State machine error handling - Media2Cloud on AWS

State machine error handling

The error handling of the main state machine is handled by using an Amazon CloudWatch Event Rule attached to an AWS Lambda function.

State machine error handling diagram

State machine error handling

The event rule is configured to listen to Step Functions Run Status Change events with error statuses of FAILED, ABORTED, and TIMED_OUT of the ingestion and analysis state machine runs. It then invokes a Lambda error-handler function to process the state machine run error.
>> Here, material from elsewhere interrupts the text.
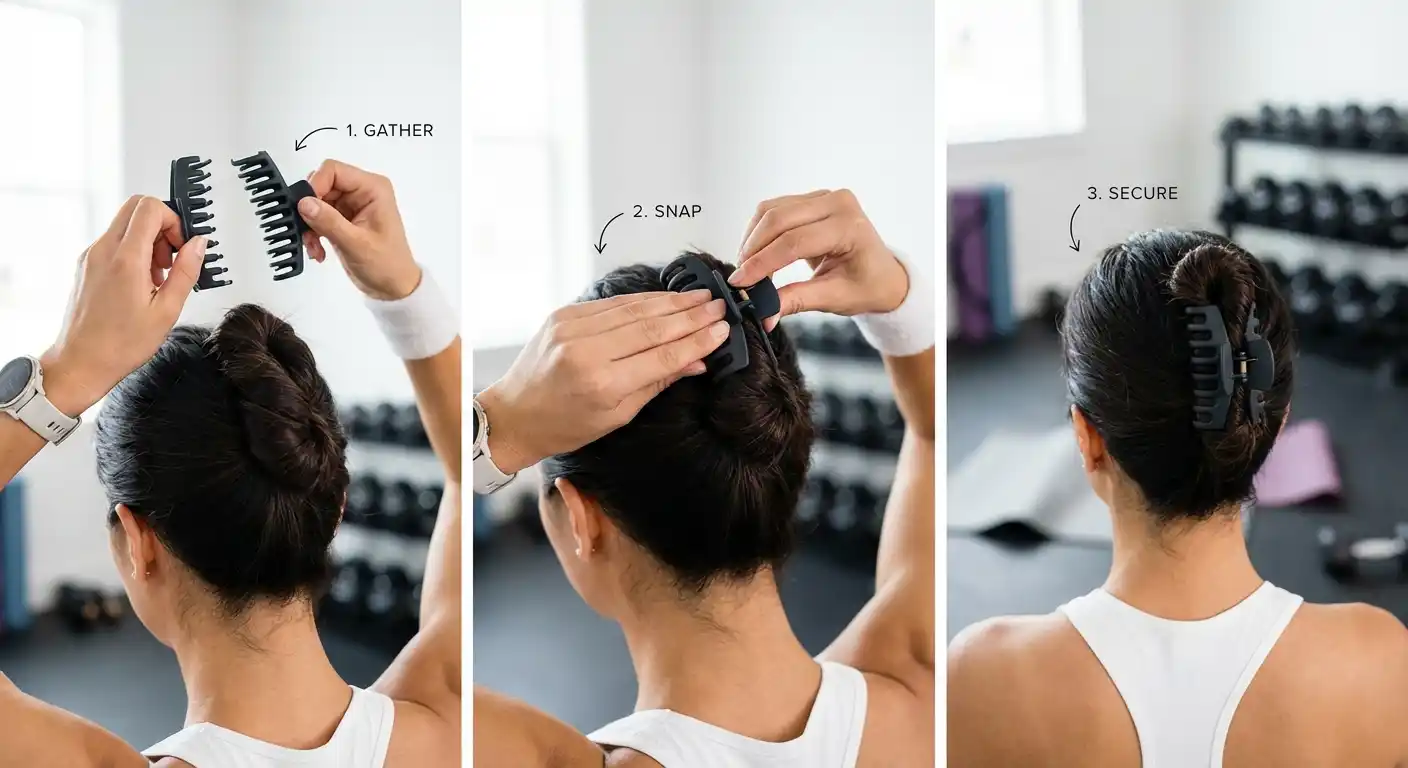 Demonstration of secure claw clip technique for workout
The CloudWatch Events pattern is defined as follows:

{ "detail-type": [ "Step Functions Execution Status Change" ], "source": [ "aws.states" ], "detail": { "stateMachineArn": [ "<INGEST_STATE_MACHINE_ARN>", "<ANALYSIS_STATE_MACHINE_ARN>" ], "status": [ "FAILED", "ABORTED", "TIMED_OUT" ] }, "region": [ "<REGION>" ] }

The error-handler Lambda function parses the run histories to find the last error from the state machine, updates the status in the Amazon DynamoDB ingestion table, publishes the status to an Amazon SNS status topic to notify subscribers, and publishes the status to an AWS Iot Core publish/subscribe service (a status topic) to notify the front-end web application.